TASK DETAILS. Pictures are not part of the answer. Write out exactly the lines from the one containing "A camouflage trail" through the end of the material below.
INFORMATION PROVIDED below:
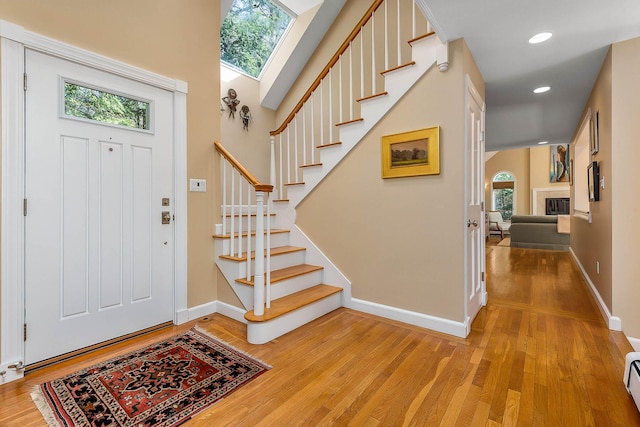 foyer with light wood-style floors, stairs, baseboards, and a wealth of natural light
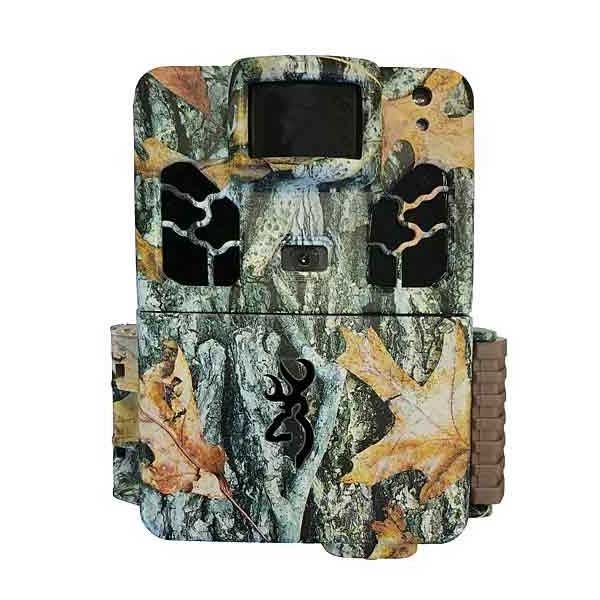 A camouflage trail camera with a display screen and two black lenses on the front.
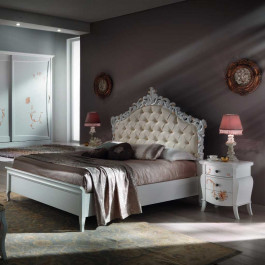 Letto con testata imbottita e dettagli intagliati Letto con testata imbottita e decori classici, dettaglio testata
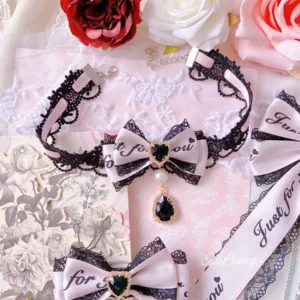 Jirai Kei pink-black bow choker necklace with teardrop rhinestone pendant and bow hair clip ornaments on lace fabric background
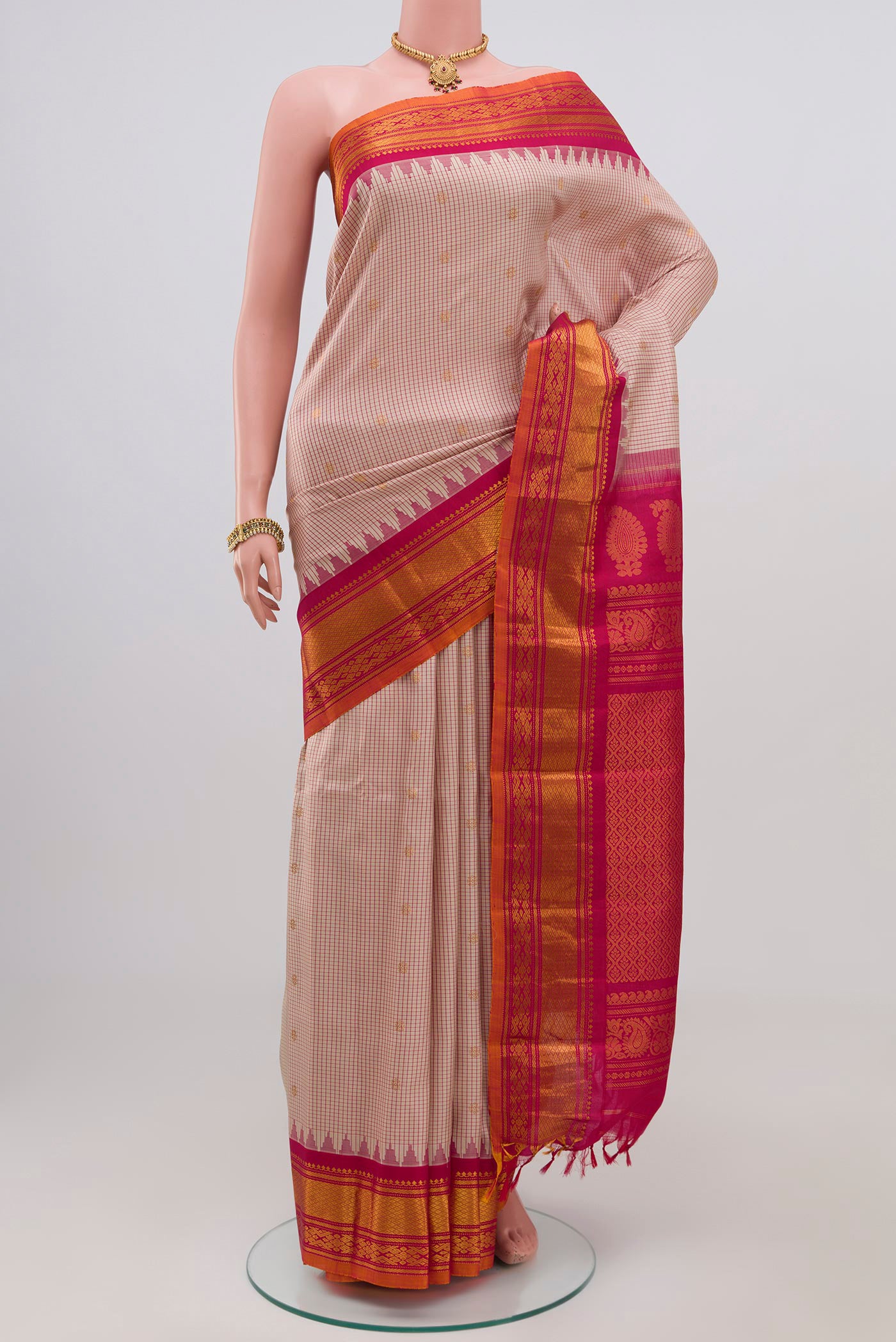 Cream Gadwal Silk Saree with Checked design on the body and Zari Border.  displayed on a mannequin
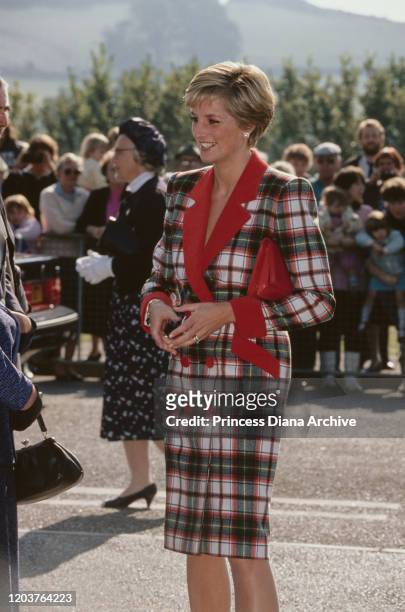 Diana, Princess of Wales visits Cullompton in Devon, September 1990. She is wearing a tartan coat-dress by Catherine Walker.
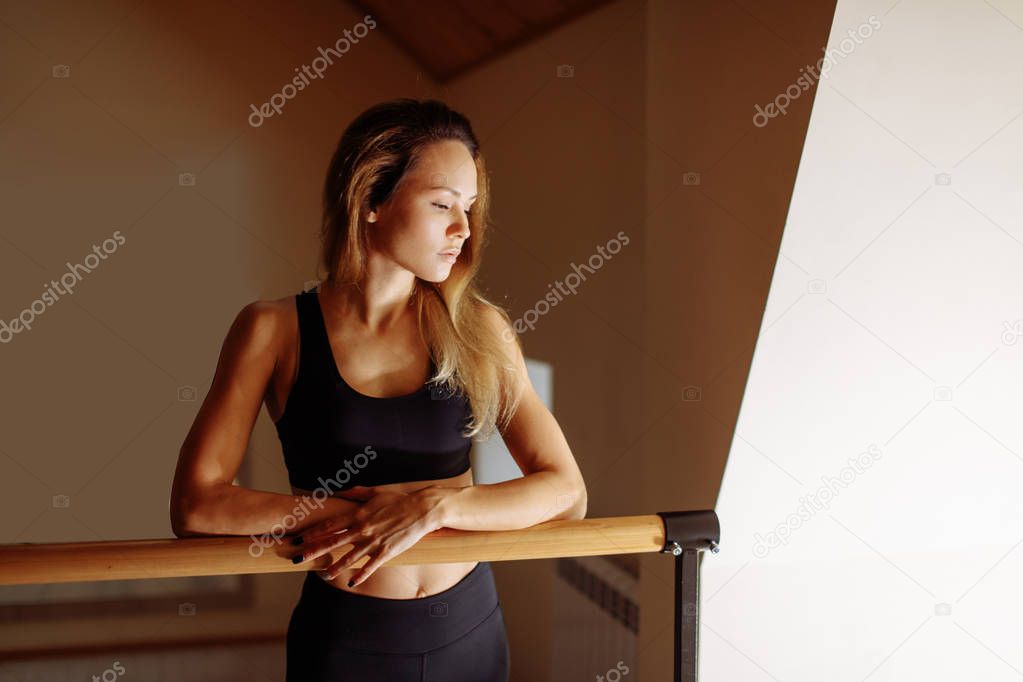 woman dancer posing near barre in ballet studio.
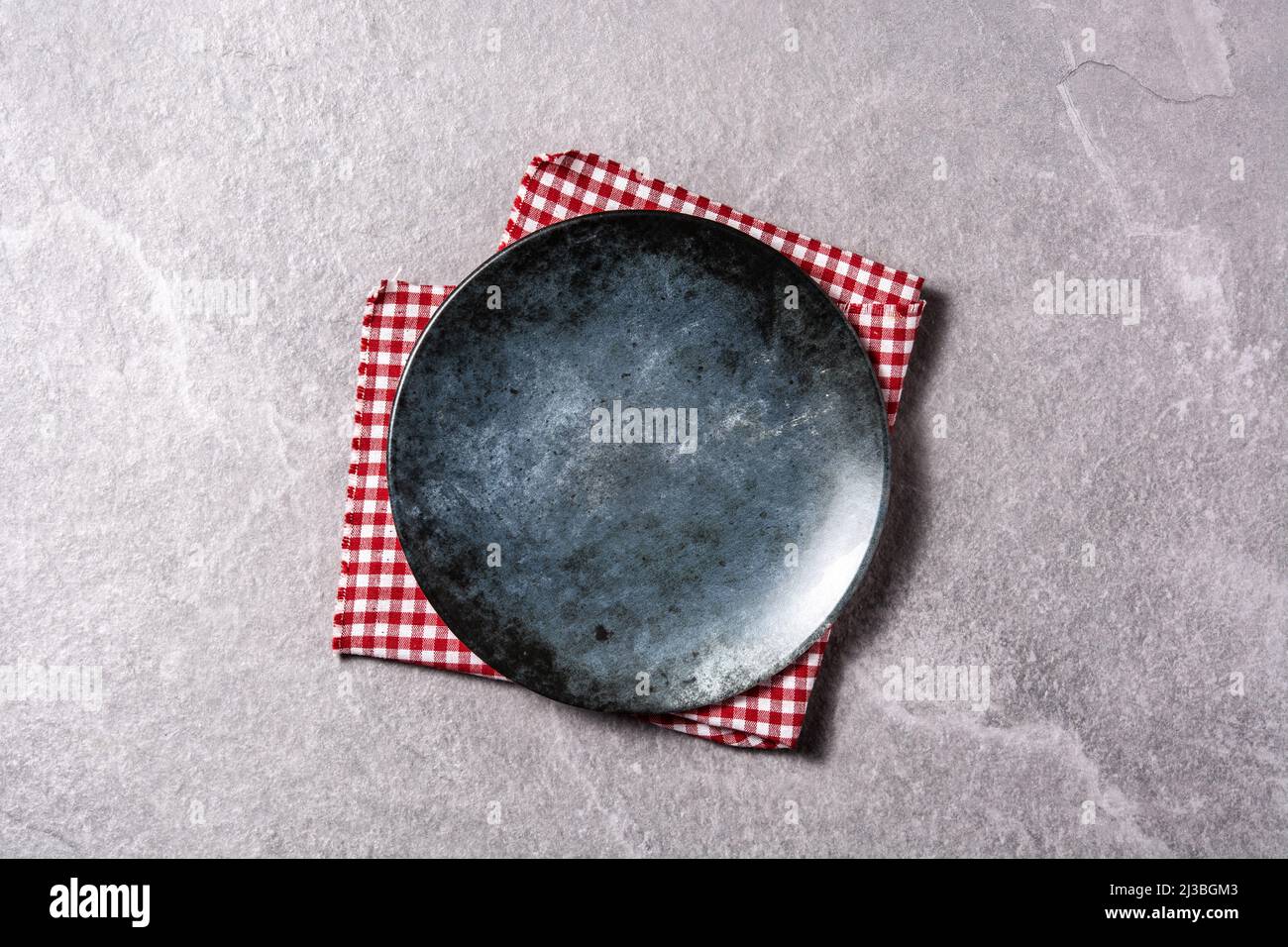 Black and blue empty plate on gray background Stock Photo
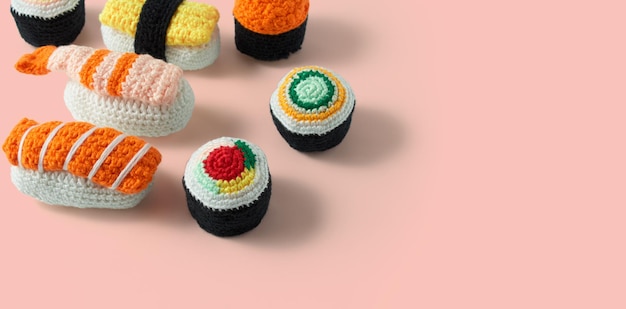 Assortment of maki sushi rolls and nigiri handmade in crochet and colored wool Sushi set amigurumi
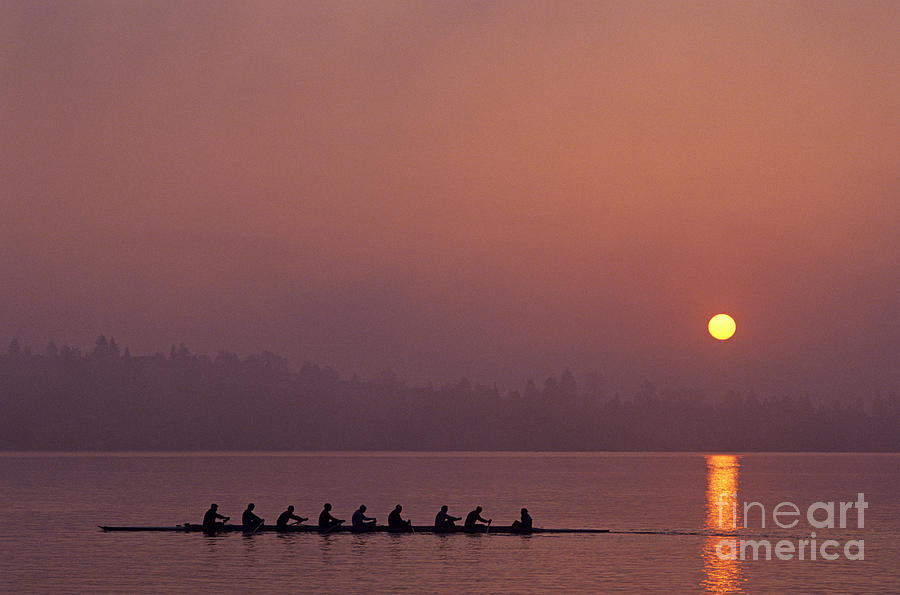 Eight man crew on Union Bay silhouetted at sunrise  Photograph by Jim Corwin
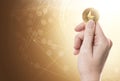 Hand holding a golden Ethereum coin on a bright background with blockchain network. Copy space included.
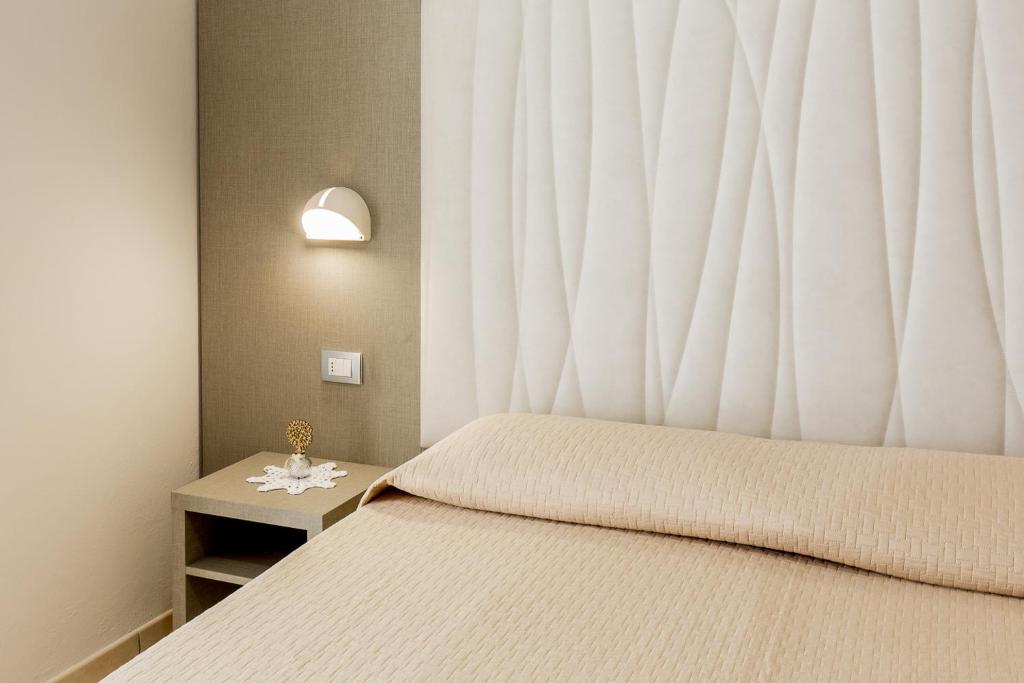 a bedroom with a bed with a large window at Hotel Roland in Riccione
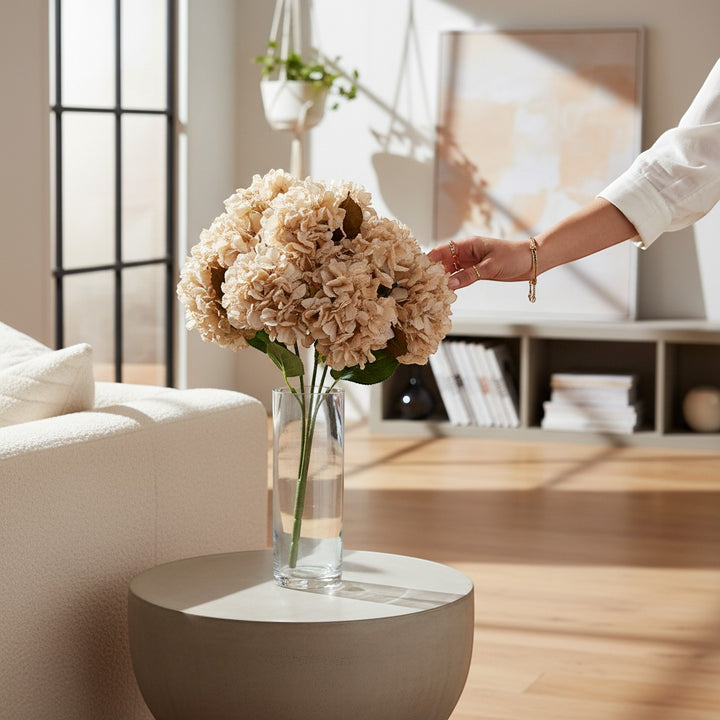 Chic Collective 24" beige artificial hydrangea spray in a clear glass vase on a round table.
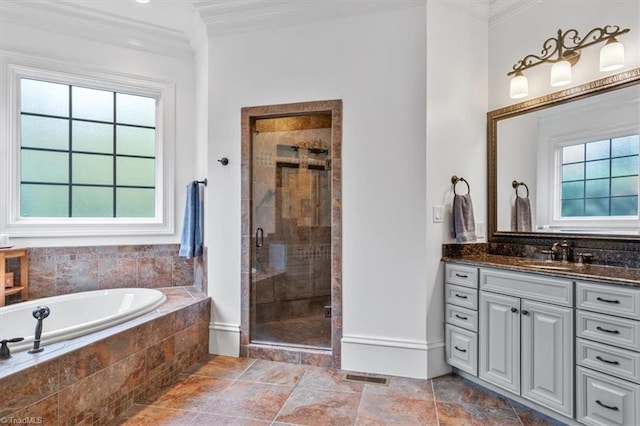 bathroom with a healthy amount of sunlight, plus walk in shower, and crown molding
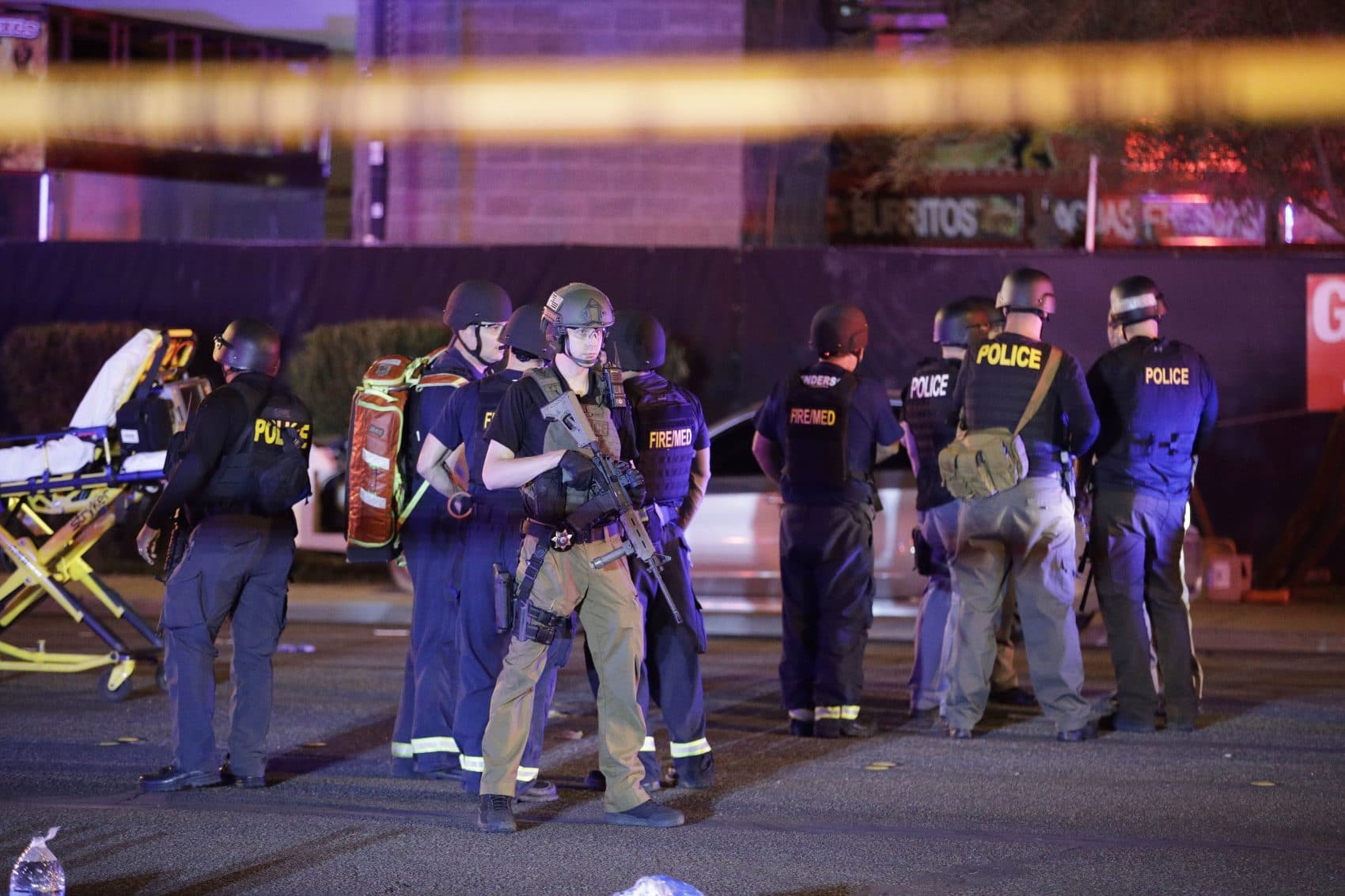 Police officers and medical personnel stand near the Mandalay Bay resort and casino on the Las Vegas Strip after a deadly shooting Sunday night at a music festival. (John Locher/AP)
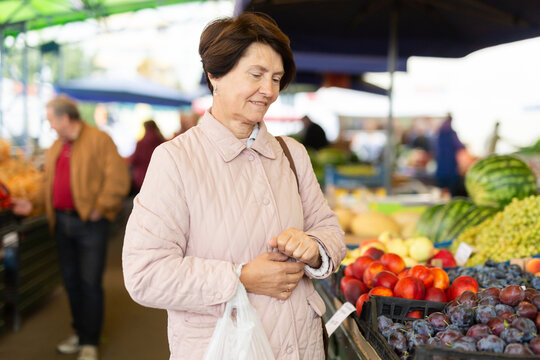 Smiling elderly female customer choosing organic plums while walking at local bazaar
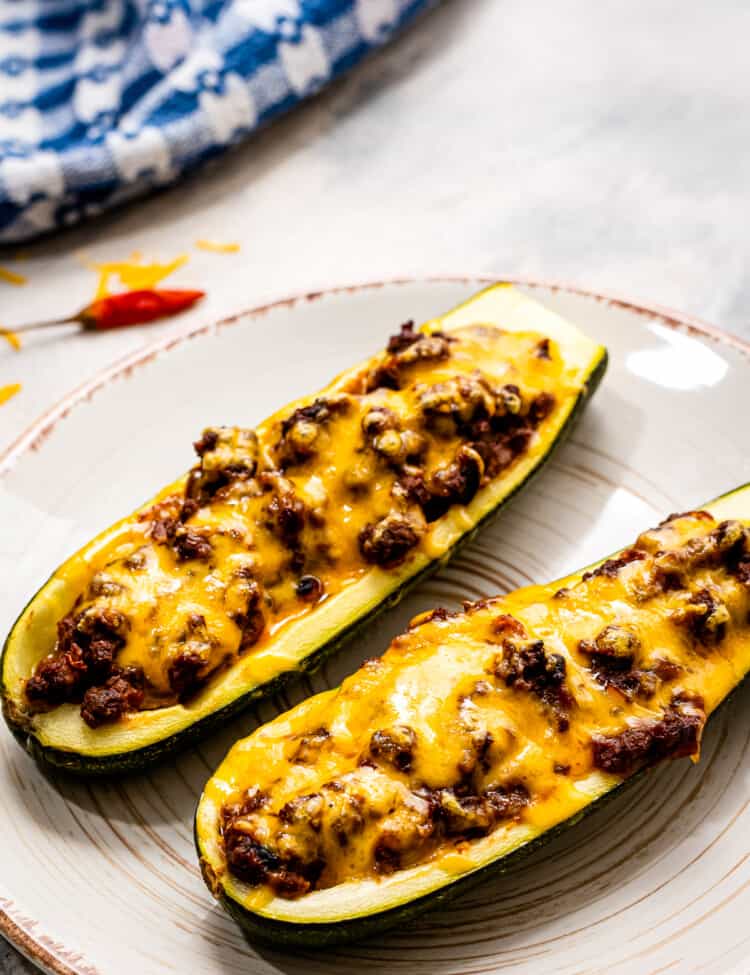 Plate with two taco stuffed zucchini boats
End of INFORMATION PROVIDED.
SOLUTION TO THE EXERCISE.
 A camouflage trail camera with a display screen and two black lenses on the front.
 Letto con testata imbottita e dettagli intagliati Letto con testata imbottita e decori classici, dettaglio testata
 Jirai Kei pink-black bow choker necklace with teardrop rhinestone pendant and bow hair clip ornaments on lace fabric background
 Cream Gadwal Silk Saree with Checked design on the body and Zari Border.  displayed on a mannequin
 Diana, Princess of Wales visits Cullompton in Devon, September 1990. She is wearing a tartan coat-dress by Catherine Walker.
 woman dancer posing near barre in ballet studio.
 Black and blue empty plate on gray background Stock Photo
 Assortment of maki sushi rolls and nigiri handmade in crochet and colored wool Sushi set amigurumi
 Eight man crew on Union Bay silhouetted at sunrise  Photograph by Jim Corwin
 Hand holding a golden Ethereum coin on a bright background with blockchain network. Copy space included.
 a bedroom with a bed with a large window at Hotel Roland in Riccione
 Chic Collective 24" beige artificial hydrangea spray in a clear glass vase on a round table.
 bathroom with a healthy amount of sunlight, plus walk in shower, and crown molding
 Police officers and medical personnel stand near the Mandalay Bay resort and casino on the Las Vegas Strip after a deadly shooting Sunday night at a music festival. (John Locher/AP)
 Smiling elderly female customer choosing organic plums while walking at local bazaar
 Plate with two taco stuffed zucchini boats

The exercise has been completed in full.